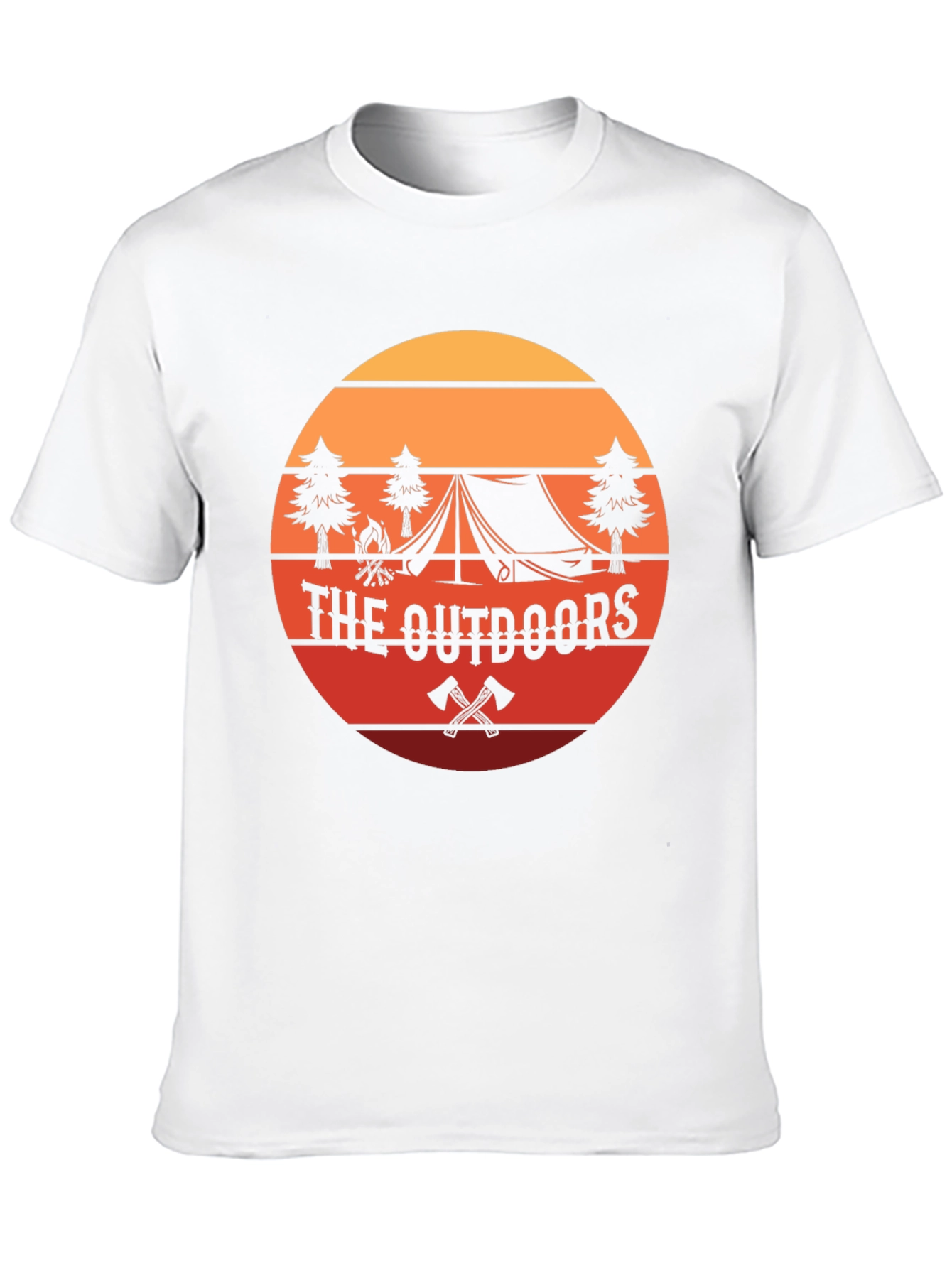 The Outdoors Graphic Tee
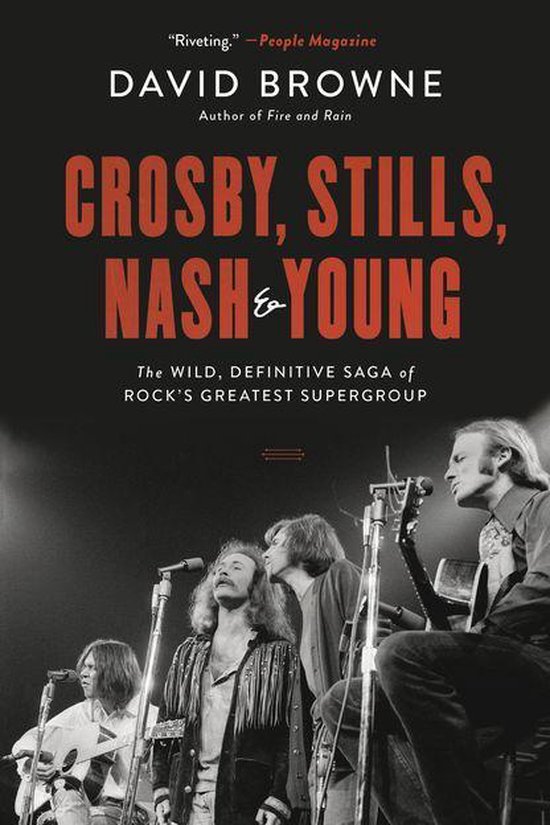 Crosby, Stills, Nash and Young - cover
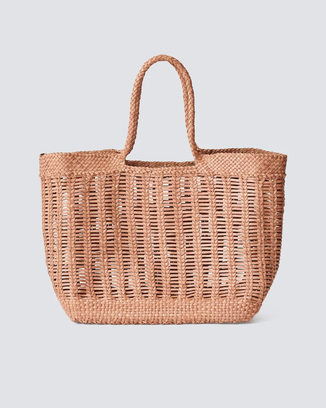 Dragon Diffusion Cannage Myra Basket in Natural - Bliss Boutiques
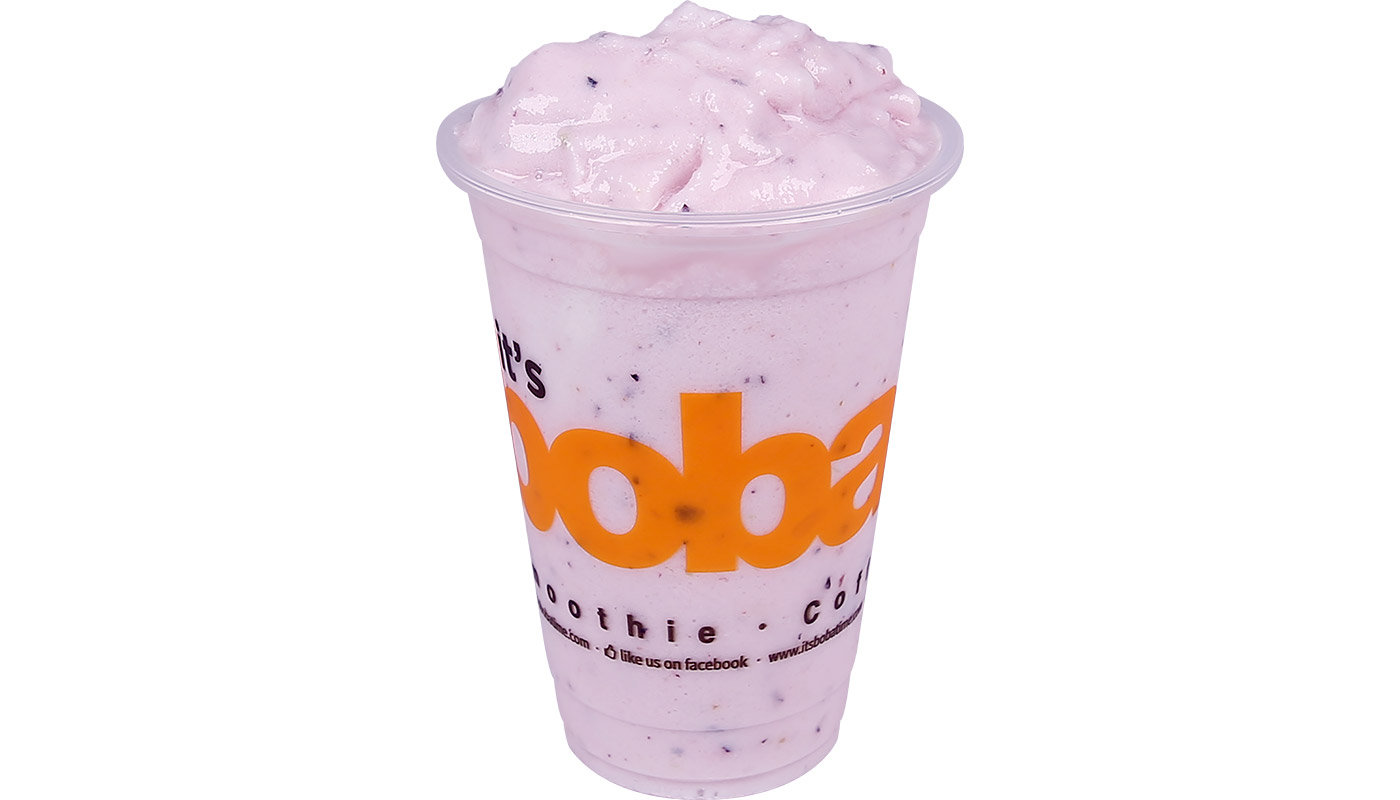 Order Blueberry Yogurt Smoothie food online from Boba Time store, Los Angeles on bringmethat.com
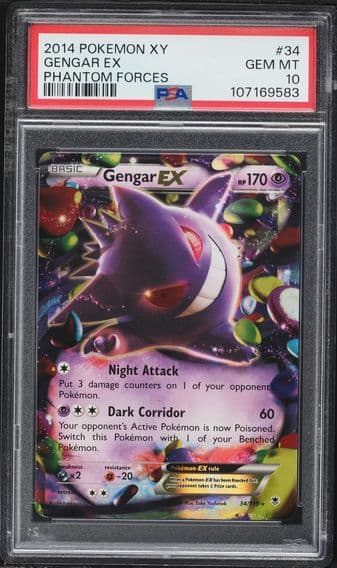 Gengar graded slab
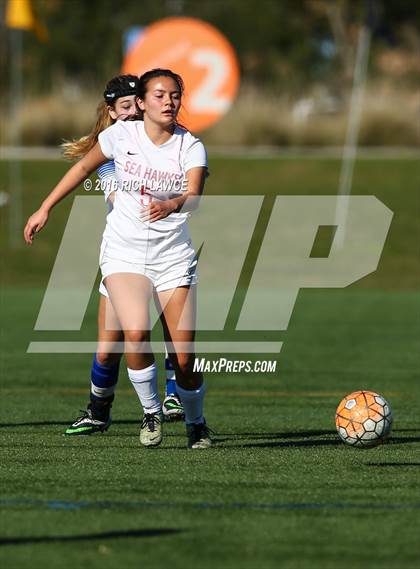 Thumbnail 3 in Xavier College Prep @ Redondo Union (Excalibur Tournament) photogallery.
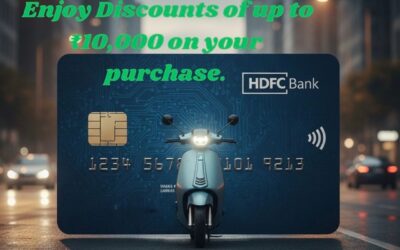 The Best HDFC Credit Card to Buy EV 2-Wheelers on Flipkart – Find Out Which One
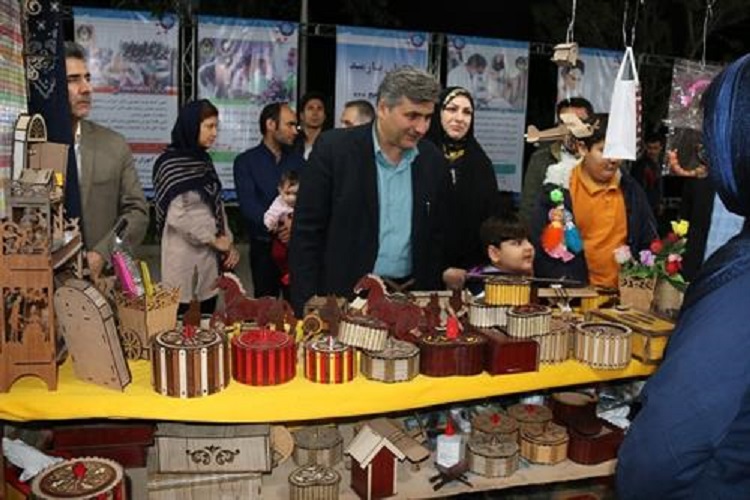 فروش ۱۰۰ میلیون تومانی محصولات مددجویان کمیته امداد خراسان شمالی فروش ۱۰۰ میلیون تومانی محصولات مددجویان کمیته امداد خراسان شمالی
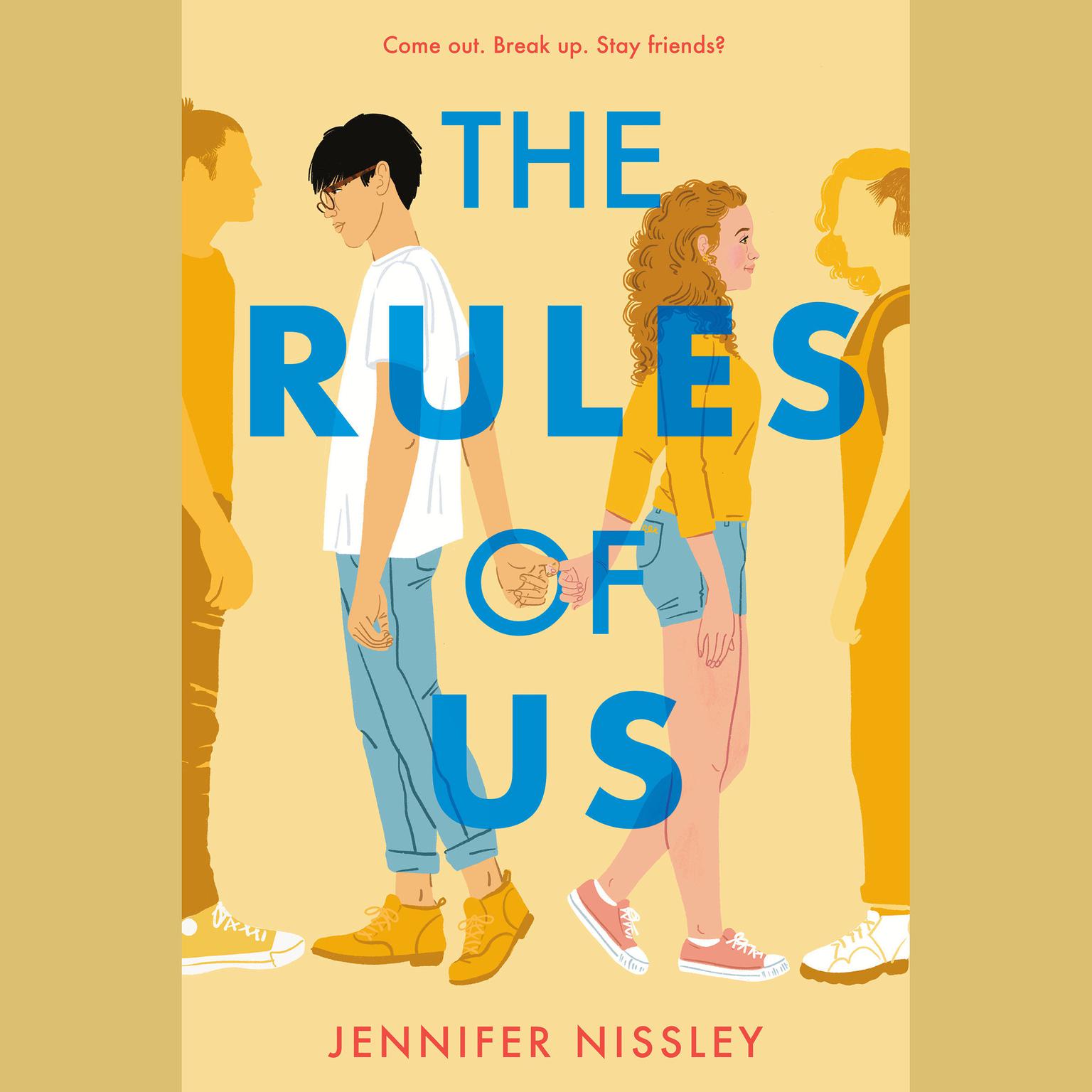 The Rules of Us Audiobook, by Jennifer Nissley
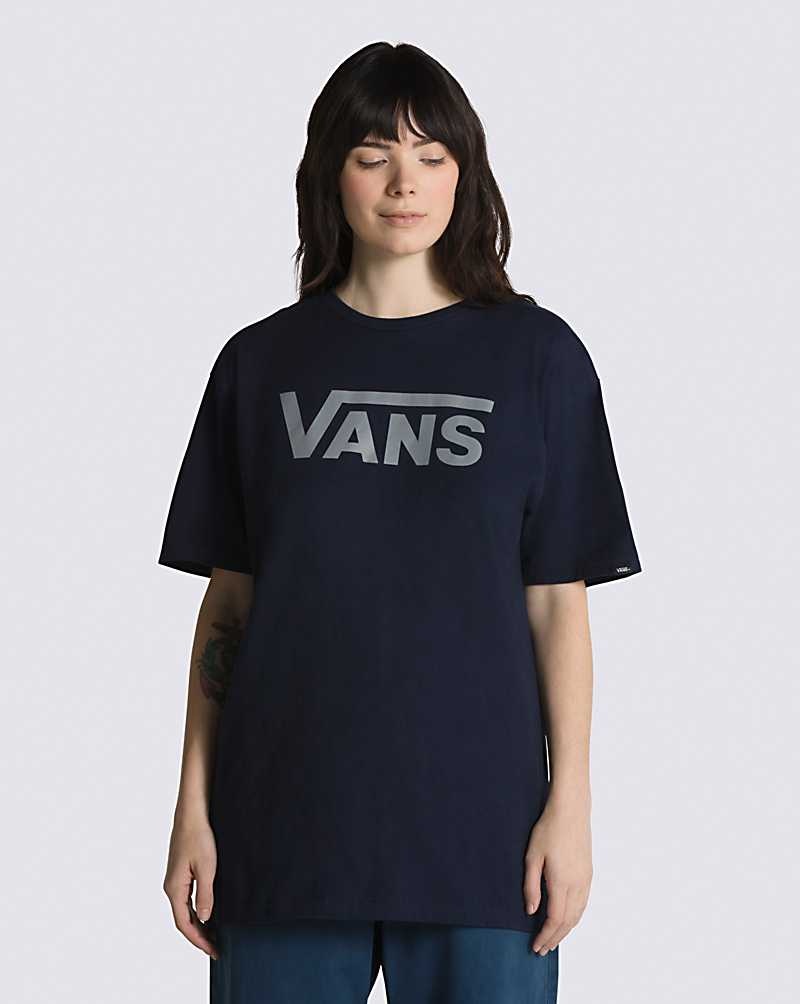 Vans Classic T-Shirt Herren Navy | Österreich FQTMXP789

Aim of the task: An exact copy of the listing above, minus its pictures, is what is needed here.

Result of the exercise:
 The Outdoors Graphic Tee
 Crosby, Stills, Nash and Young - cover
 Dragon Diffusion Cannage Myra Basket in Natural - Bliss Boutiques
 Order Blueberry Yogurt Smoothie food online from Boba Time store, Los Angeles on bringmethat.com
 Gengar graded slab
 Thumbnail 3 in Xavier College Prep @ Redondo Union (Excalibur Tournament) photogallery.
 The Best HDFC Credit Card to Buy EV 2-Wheelers on Flipkart – Find Out Which One
 فروش ۱۰۰ میلیون تومانی محصولات مددجویان کمیته امداد خراسان شمالی فروش ۱۰۰ میلیون تومانی محصولات مددجویان کمیته امداد خراسان شمالی
 The Rules of Us Audiobook, by Jennifer Nissley
 Vans Classic T-Shirt Herren Navy | Österreich FQTMXP789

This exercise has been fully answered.